## AVAILABLE DATA

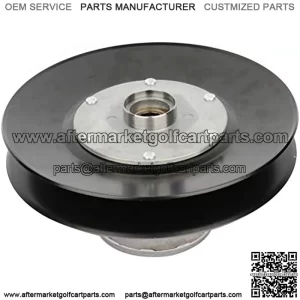 Driven Clutch replacement for E-Z-GO gas Golf Cart 2 cycle 1976-1988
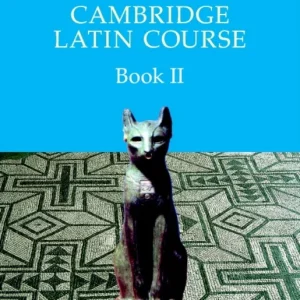 Cambridge Latin Course Book 2 Student’s Book 4th Edition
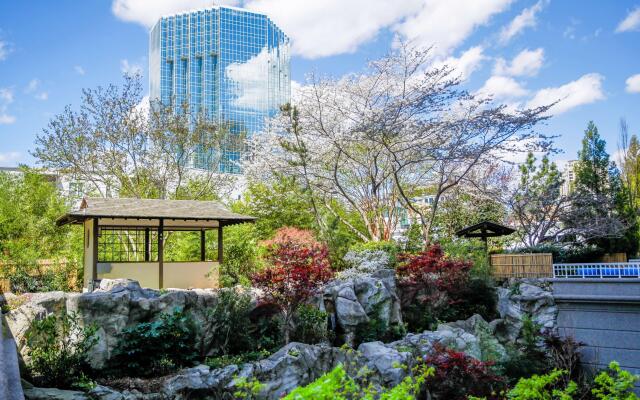 Grand Hyatt Atlanta in Buckhead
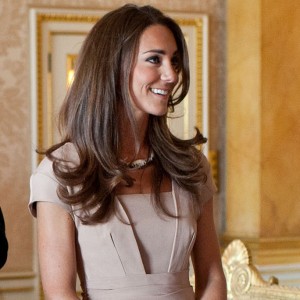 Kate Middleton (public domain)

## WORK TO COMPLETE
Please transcribe the lines from the one containing "Cambridge Latin Course" to the last line of the listing, both included, exactly and with nothing added, leaving every picture out.

## ANSWER TO THIS EXERCISE
 Cambridge Latin Course Book 2 Student’s Book 4th Edition
 Grand Hyatt Atlanta in Buckhead
 Kate Middleton (public domain)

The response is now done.